Saturday, March 23, 2019

Exponential Climate Change

Finished the book. His focus is on painting the picture of what the future will be like, in various ranges of "worseness" and how we might respond to it, and how civilization will likely get greatly reconfigured. I don't really think the guy is being overly alarmist or hyperbolic. Stuff is real. 

A main takeaway is that the model of progress we've had since perhaps the Enlightenment (post Dark Ages) needs to likely change. The upward exponential modulated by sine waves of various crests and troughs may well be permanently modulated down to sea level (literally and figuratively) by a negative exponential driven by climate. Progress will likely level or decline until we adapt to the radically different conditions,and it could take millennia, since we'd pretty much have to re-do everything we did over the last 12,000 years in a much more sustainable light. The technology might be there, but the geopolitical upheavals may take centuries to quell. 

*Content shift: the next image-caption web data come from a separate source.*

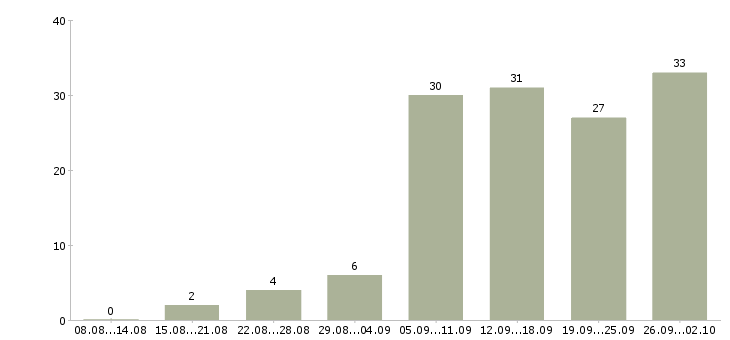 Работа размещение рекламы Нижний новгород - Число вакансий Нижний новгород по специальности размещение рекламы за 2 месяца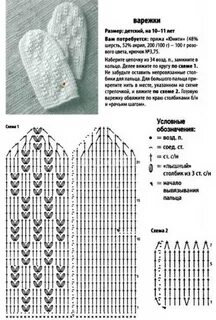 Вязание варежек спицами и крючком. 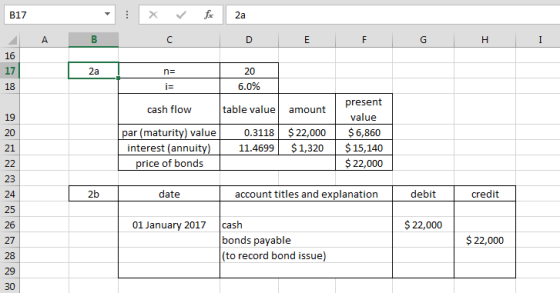 B17 1 x fx za ✓ C A B E F G H I 2a n= | | 20 6.0% cash flow table value amount par (maturity) value interest (annuity) price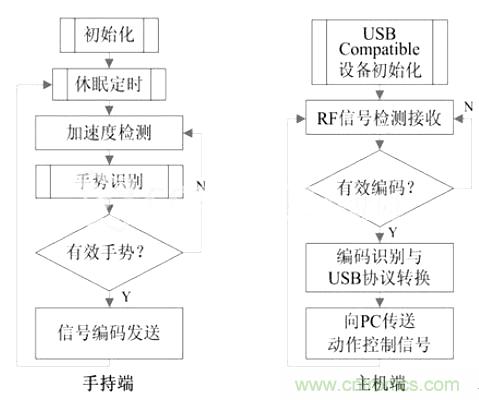 智能手勢識別輸入系統(tǒng)的設(shè)計與實現(xiàn)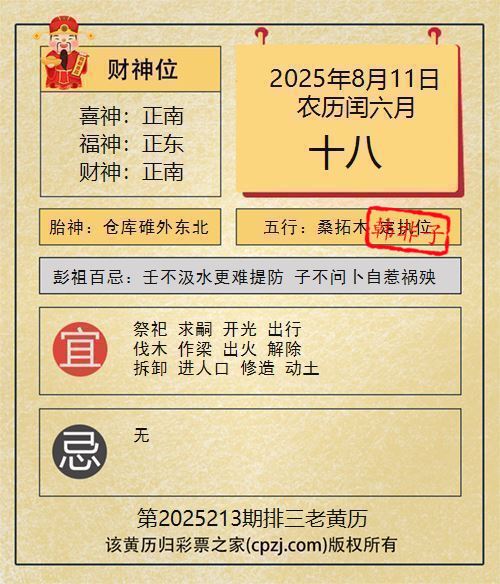 排列三第2025213期老黄历图谜：仓库碓外东北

Of course the degree of this can be mitigated by acting as early as possible to completely decarbonize in an orderly way, but the will just doesn't seem to be there. Too much inertia. And, no, onesy-twosy neoliberals driving EV's won't cut it. It's dramatic change needed across civilization.  Hopefully 2020 will be the turning point, and the youth marching in the streets will gain momentum toward action, lest their children live amongst the ruins of a once relatively prosperous civilization in a new, much extended, Dark Age, dwarfing any that hit humanity before...

My next book is The Growth Delusion...after a detour to a big history one called Origin Story, which, in the early reading, posits the idea of the universal law of an entropy tax on creating order, which climate change is precisely that!